#### Aim of the task
Restate word for word the entries below, starting at the line with "Clarks Baleriny Freckle" and ending at the line with "BLUMENTOPF grau rund". Keep both end lines and omit the pictures.

#### The data
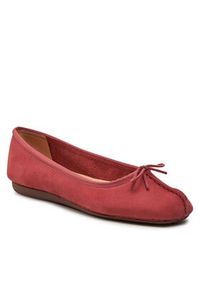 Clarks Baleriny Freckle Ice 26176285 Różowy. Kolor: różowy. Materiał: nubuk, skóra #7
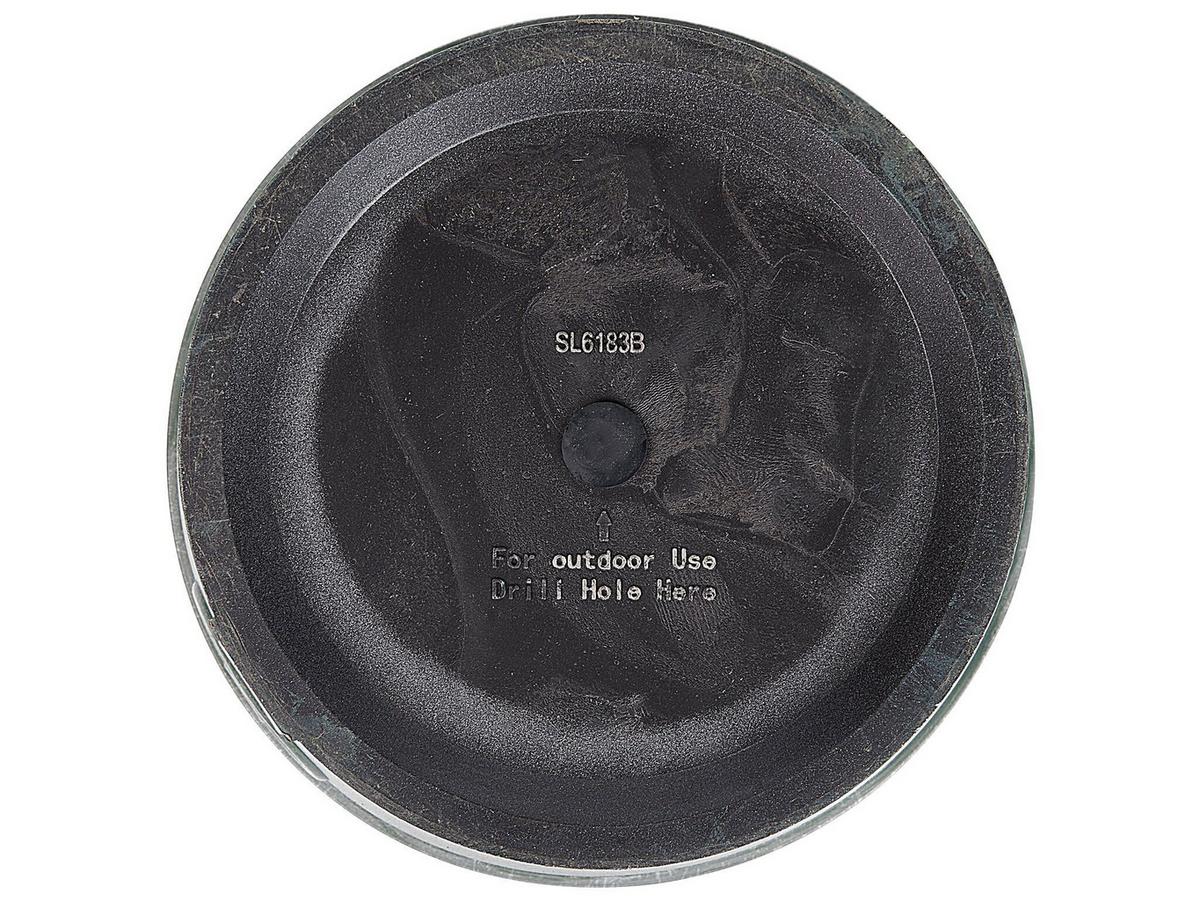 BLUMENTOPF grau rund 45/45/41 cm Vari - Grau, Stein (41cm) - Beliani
...
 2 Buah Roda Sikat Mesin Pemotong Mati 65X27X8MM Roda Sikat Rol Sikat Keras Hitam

#### Completed exercise
 Clarks Baleriny Freckle Ice 26176285 Różowy. Kolor: różowy. Materiał: nubuk, skóra #7
 BLUMENTOPF grau rund 45/45/41 cm Vari - Grau, Stein (41cm) - Beliani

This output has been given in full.